- **What you need to do**
Further down are entries; set down exactly and only the lines from the one with "For example, one" up to and including the one with "You build a", dropping each picture.

[Opening Information provided section]

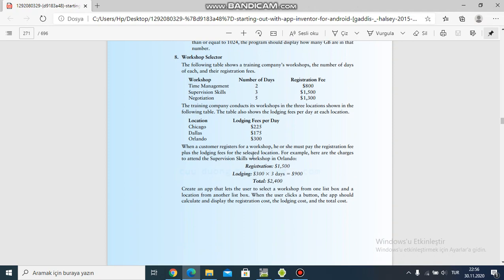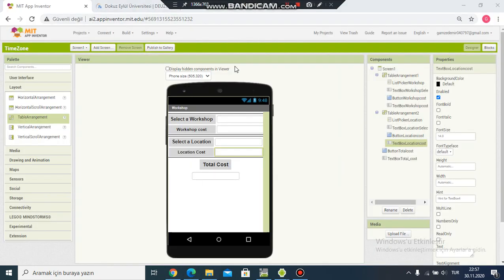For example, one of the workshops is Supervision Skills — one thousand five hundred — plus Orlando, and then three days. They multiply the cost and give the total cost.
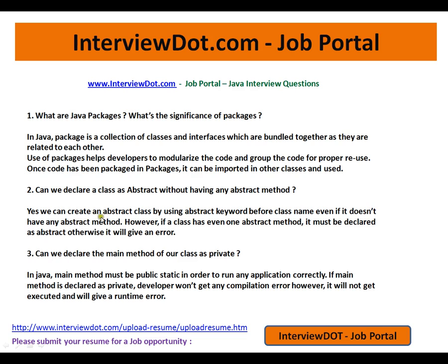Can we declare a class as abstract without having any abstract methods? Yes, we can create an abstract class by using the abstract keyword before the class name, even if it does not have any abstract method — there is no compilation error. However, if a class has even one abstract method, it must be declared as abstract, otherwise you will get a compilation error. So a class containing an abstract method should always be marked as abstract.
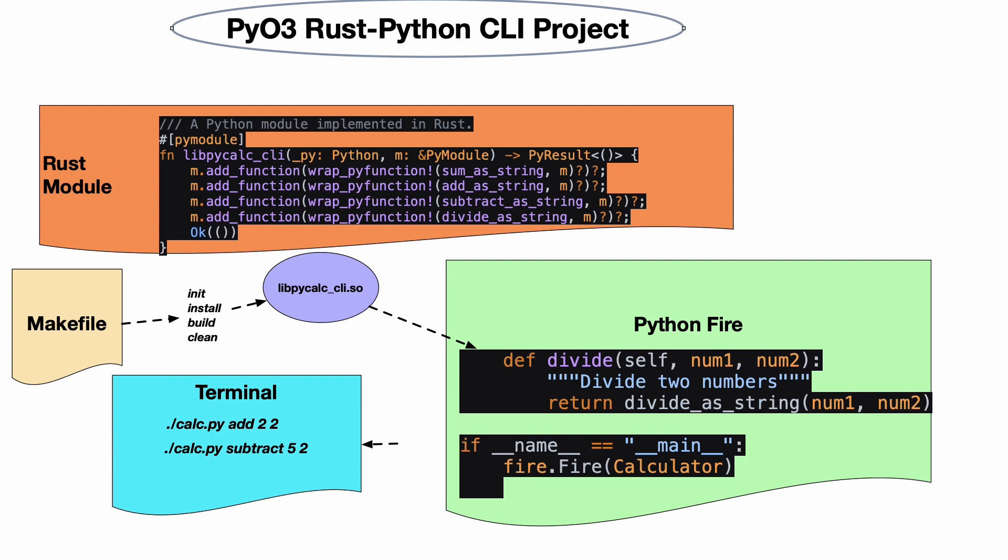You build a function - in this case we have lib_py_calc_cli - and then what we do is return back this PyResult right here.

[Closing Information provided section]
[Opening Information provided section]

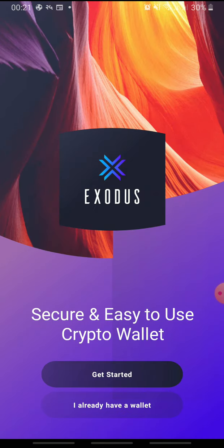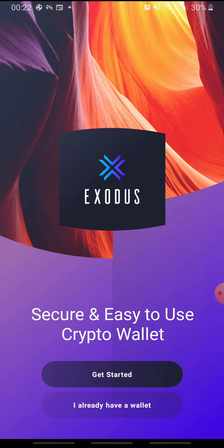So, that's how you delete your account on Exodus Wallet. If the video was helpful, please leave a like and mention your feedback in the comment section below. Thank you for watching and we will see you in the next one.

[Closing Information provided section]
[Opening Information provided section]

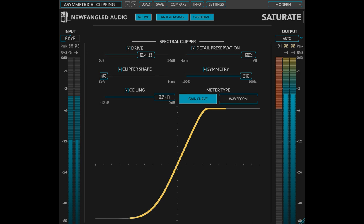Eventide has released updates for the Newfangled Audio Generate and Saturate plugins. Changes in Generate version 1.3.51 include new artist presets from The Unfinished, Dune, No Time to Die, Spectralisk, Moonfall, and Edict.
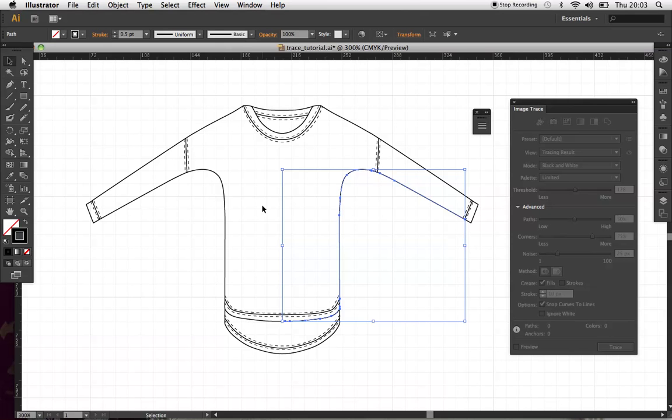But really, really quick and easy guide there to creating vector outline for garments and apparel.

[Closing Information provided section]

- **Answer below**
For example, one of the workshops is Supervision Skills — one thousand five hundred — plus Orlando, and then three days. They multiply the cost and give the total cost.
Can we declare a class as abstract without having any abstract methods? Yes, we can create an abstract class by using the abstract keyword before the class name, even if it does not have any abstract method — there is no compilation error. However, if a class has even one abstract method, it must be declared as abstract, otherwise you will get a compilation error. So a class containing an abstract method should always be marked as abstract.
You build a function - in this case we have lib_py_calc_cli - and then what we do is return back this PyResult right here.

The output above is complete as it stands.